* MATERIAL SHOWN:
-- Opening Marker --

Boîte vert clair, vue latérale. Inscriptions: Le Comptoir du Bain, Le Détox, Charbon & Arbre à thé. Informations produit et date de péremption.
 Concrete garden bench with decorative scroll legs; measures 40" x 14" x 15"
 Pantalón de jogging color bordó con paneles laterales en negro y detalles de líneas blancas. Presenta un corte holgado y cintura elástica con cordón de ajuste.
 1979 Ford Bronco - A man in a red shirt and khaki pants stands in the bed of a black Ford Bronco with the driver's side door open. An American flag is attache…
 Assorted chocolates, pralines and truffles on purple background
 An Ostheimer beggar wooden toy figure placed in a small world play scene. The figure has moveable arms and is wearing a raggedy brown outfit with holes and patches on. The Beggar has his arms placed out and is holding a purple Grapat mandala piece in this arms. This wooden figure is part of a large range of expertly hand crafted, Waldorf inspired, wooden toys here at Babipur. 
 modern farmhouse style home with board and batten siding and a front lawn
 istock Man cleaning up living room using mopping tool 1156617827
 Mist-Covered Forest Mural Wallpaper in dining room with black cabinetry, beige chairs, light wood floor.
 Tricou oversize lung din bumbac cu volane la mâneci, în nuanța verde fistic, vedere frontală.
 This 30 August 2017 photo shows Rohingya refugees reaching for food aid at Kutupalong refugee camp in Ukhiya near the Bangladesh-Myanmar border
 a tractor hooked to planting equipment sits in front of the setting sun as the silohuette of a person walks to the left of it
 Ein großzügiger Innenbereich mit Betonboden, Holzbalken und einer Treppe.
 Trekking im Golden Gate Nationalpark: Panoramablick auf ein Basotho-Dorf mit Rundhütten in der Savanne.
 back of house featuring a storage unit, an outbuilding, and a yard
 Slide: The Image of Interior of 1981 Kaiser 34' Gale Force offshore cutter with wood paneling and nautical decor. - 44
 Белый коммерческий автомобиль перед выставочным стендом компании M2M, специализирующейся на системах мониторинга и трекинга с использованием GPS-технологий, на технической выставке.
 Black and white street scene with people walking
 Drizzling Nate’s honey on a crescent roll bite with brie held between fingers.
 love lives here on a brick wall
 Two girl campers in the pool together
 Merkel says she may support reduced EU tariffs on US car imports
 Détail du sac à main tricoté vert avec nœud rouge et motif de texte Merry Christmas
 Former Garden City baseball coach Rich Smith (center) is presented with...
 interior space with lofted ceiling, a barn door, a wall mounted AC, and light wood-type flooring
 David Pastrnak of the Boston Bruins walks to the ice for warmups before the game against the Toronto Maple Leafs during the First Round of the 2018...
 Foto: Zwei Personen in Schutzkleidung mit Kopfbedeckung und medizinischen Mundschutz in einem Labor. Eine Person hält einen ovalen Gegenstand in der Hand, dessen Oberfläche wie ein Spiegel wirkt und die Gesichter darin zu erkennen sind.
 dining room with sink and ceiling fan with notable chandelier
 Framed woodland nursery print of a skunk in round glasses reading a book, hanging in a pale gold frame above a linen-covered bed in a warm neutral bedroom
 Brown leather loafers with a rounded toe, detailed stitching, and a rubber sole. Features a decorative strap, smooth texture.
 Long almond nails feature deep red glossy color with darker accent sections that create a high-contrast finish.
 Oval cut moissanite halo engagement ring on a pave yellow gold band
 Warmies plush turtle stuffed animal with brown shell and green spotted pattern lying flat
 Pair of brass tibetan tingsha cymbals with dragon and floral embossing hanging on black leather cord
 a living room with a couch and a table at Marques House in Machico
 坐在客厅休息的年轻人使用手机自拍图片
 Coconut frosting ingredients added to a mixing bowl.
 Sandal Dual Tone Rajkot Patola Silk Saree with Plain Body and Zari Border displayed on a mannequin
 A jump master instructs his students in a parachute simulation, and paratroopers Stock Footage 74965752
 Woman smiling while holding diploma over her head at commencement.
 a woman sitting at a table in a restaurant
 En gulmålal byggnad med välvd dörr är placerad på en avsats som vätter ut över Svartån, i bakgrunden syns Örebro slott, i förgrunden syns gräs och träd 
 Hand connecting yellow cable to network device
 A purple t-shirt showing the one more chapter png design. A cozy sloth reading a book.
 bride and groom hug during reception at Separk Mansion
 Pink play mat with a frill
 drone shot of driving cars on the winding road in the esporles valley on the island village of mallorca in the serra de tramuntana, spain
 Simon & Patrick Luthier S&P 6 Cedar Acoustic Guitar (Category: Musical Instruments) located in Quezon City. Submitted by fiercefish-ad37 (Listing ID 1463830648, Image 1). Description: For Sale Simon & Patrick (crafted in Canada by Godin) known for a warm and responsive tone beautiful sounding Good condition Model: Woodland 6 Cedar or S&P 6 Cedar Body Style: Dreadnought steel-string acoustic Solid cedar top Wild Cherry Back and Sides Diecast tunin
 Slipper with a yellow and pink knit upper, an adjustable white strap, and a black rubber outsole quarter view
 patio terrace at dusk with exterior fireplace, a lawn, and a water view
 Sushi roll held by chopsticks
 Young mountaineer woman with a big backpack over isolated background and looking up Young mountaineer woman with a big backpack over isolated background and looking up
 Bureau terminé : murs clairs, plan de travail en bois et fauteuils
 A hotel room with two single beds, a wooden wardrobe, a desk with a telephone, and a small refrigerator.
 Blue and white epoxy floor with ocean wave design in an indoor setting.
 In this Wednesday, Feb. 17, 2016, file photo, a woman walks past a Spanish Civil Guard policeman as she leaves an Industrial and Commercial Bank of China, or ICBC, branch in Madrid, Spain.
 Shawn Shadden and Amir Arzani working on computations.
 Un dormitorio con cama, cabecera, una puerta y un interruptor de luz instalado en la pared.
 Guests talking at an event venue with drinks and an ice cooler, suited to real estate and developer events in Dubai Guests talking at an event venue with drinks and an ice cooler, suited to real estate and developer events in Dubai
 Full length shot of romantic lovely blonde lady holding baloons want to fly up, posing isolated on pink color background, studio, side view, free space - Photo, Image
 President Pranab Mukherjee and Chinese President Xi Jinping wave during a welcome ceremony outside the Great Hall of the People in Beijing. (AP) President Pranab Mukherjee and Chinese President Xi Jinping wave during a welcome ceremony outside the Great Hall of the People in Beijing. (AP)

-- Closing Marker --

* EXERCISE AIM: Each line from the one holding "Full length shot" through the last line of the data is to be transcribed exactly, with nothing else added.

* ANSWER SPACE:
 Full length shot of romantic lovely blonde lady holding baloons want to fly up, posing isolated on pink color background, studio, side view, free space - Photo, Image
 President Pranab Mukherjee and Chinese President Xi Jinping wave during a welcome ceremony outside the Great Hall of the People in Beijing. (AP) President Pranab Mukherjee and Chinese President Xi Jinping wave during a welcome ceremony outside the Great Hall of the People in Beijing. (AP)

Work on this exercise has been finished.